As the lyrics seem to completely contradict the message of “Wave Away,” it’s important to note that Debsey has taken on the role of a girl who seems to be choosing stuckness, but there’s more than enough sarcasm in her voice and in the lyrics to argue that she’s really saying that it’s stupid to believe that the grass isn’t greener on the other side:
What more could I expect
To be happy with second best
Half-wishing I was somewhere else
When fortune found me sitting behind the fence
Just how lucky a girl could be
The grass is springing out from underneath
Until the cows come home
I’ll be watching how green it grows
I read that the band members laughed a lot during performances, and I’m sure they laughed a lot when creating and playing this song.

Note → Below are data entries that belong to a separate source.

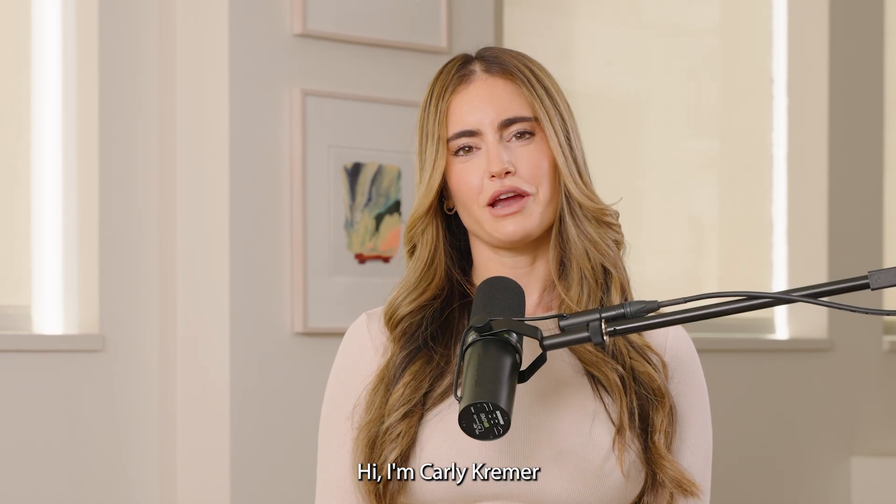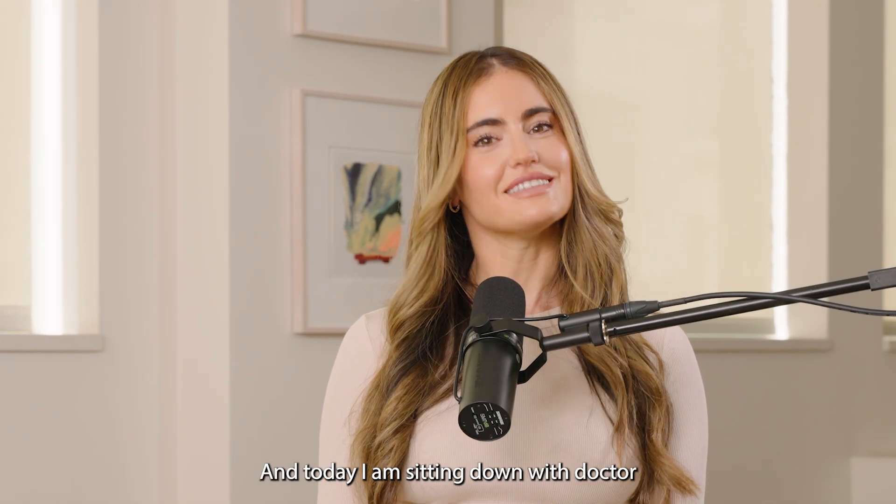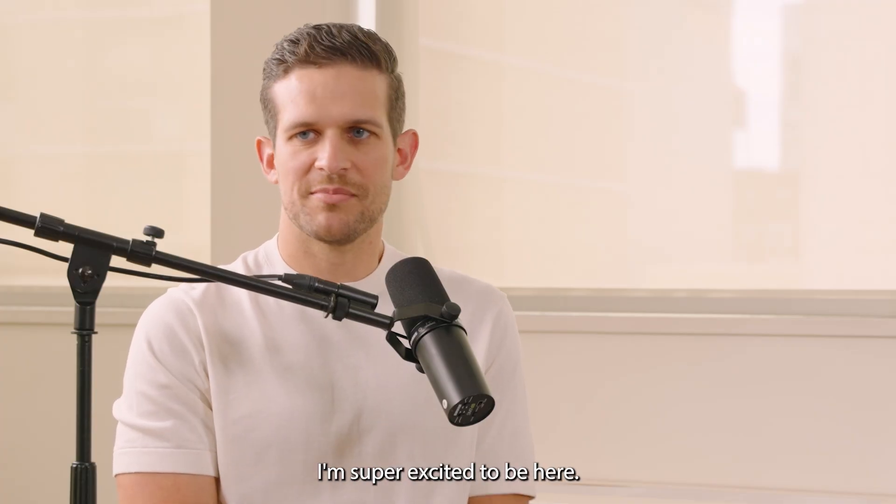Hi, I'm Carly Kramer. I'm the founder of Beekeepers Naturals, and today I am sitting down with Dr. Danny Clark. Thank you so much for having me. I'm super excited to be here.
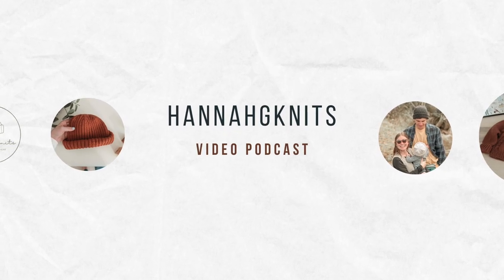Hi, I'm Hannah. Thanks for watching. Today I have a project updates video for you.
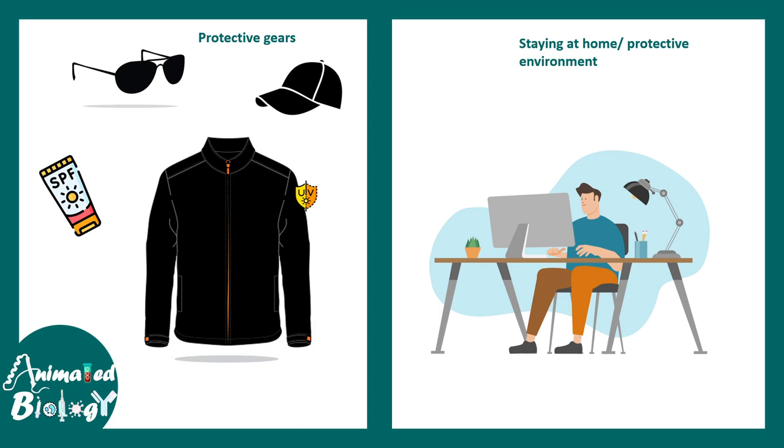Treatment options include protective gear like UV-protective jackets, caps, sunglasses, and sunscreen, and prevention is better than cure. Staying at home in a protective environment where you are not exposed to UV light is the solution. Right now there is no definitive cure for this disease — managing it with proper treatment and care is the only option.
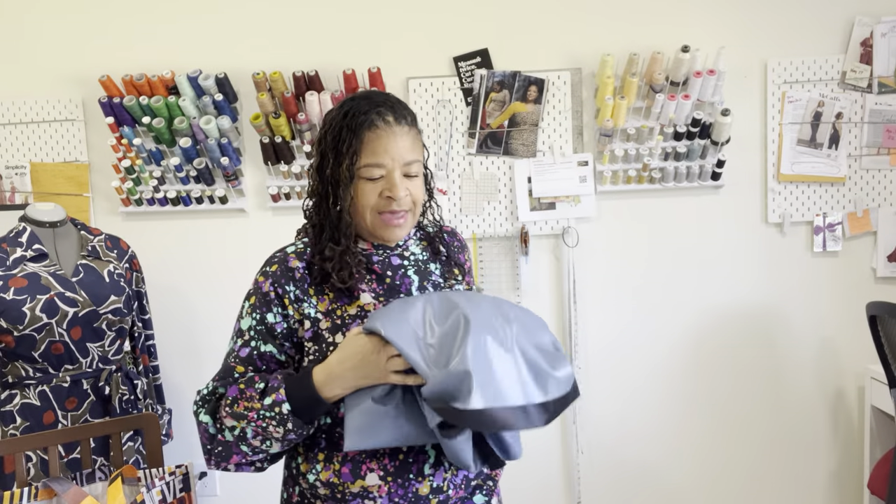I'm so sorry Melanated Fabrics won't be in business anymore. I wanted to actually go in, feel and touch the things — they had so many amazing and beautiful pieces of fabric.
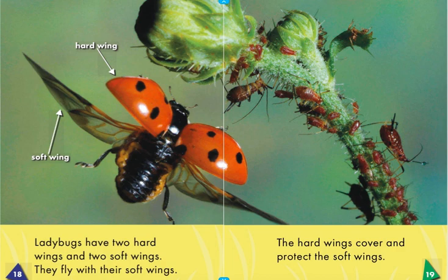Ladybugs have two hard wings and two soft wings. They fly with their soft wings. The hard wings cover and protect the soft wings.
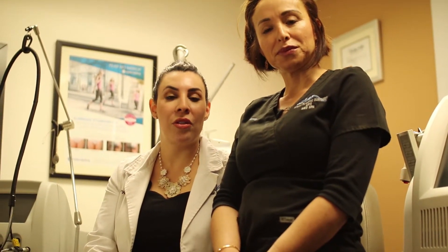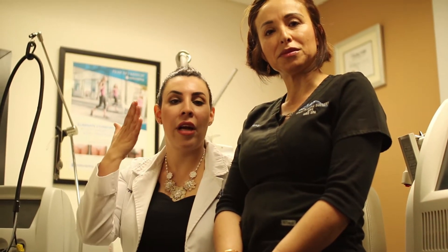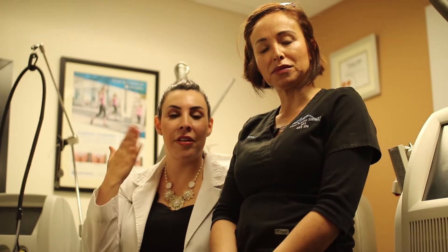Today we're going to be performing a few different treatments on Sarah. We're going to start with what's called a Dermaplane treatment. It's a very small, fine surgical blade that we use to remove any debris or any excess cellular waste. It's basically like a very intense exfoliation treatment — very comfortable, with a very soft touch.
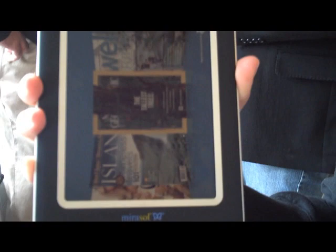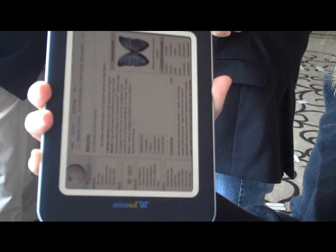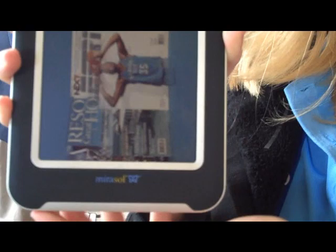In terms of what enables these — instead of traditional silicon chips, these are micro-electronic machines, little tiny mirrors that basically turn on and off. It's a bi-stable technology, so there are mirrors that go up and down. We can control the distance, and depending on the opening, different colors are projected back out. That's how we create the different colors.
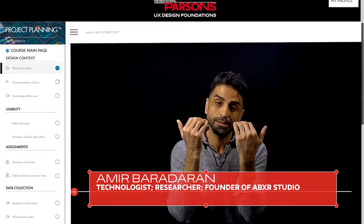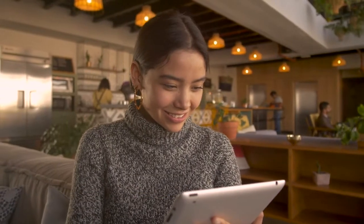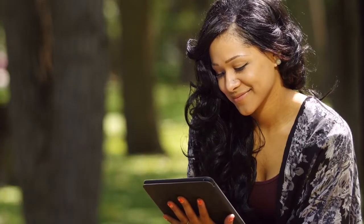Engaging video-based course lessons cover critical areas of UX design, and hands-on activities and assignments help you develop the skills you need to succeed. The course is 100% online and on demand, so you can take it at your own pace wherever you are located.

The last two tracks reveal what happens when a band desires to expand its range and lacks the resources to pull it off. Compared to their other late-stage songs, “Remember This” is pretty light fare, something you’d expect from The Fifth Dimension but not Dolly Mixture. Even worse, they brought in Captain Sensible to produce the song, a guy whose only qualifications were that he’d used the girls as background singers and had begun what would become a long-term relationship with Rachel Bor. The mix is terrible, especially in its failure to blend the lead and background vocals, and Rachel’s cello is ill-suited for such a lightweight song. I have no idea why they chose this song as the only single from the album, especially when they had a dozen other tracks more likely to re-energize the fan base. By contrast, the piano-cello duet on “Whistling in the Dark” came out just fine but the attempt to enhance the piece with background whistling exposed the band as production amateurs.

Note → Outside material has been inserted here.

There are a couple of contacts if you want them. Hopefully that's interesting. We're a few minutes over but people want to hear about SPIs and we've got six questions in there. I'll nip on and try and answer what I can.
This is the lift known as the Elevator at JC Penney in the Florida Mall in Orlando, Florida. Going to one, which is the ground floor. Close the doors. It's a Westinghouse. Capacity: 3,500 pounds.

Those two flops do not change my fervent belief that Dolly Mixture deserved better and still does. Information about the band on the web remains insultingly spotty—web lyrics are filled with glaring errors or nonexistent; a documentary that I wanted to watch is generally unavailable, limited to special showings in faraway places; and the “official website” contains no information about the band’s history. I’m amazed that despite the obvious compositional talent they displayed on Demonstration Tapes, few artists have covered their music. There’s more than enough evidence on Demonstration Tapes to prove that Dolly Mixture was a very talented group that could have could have been the U.K.’s answer to the Go-Gos had they caught a few breaks.
Coulda . . . woulda . . . definitely shoulda.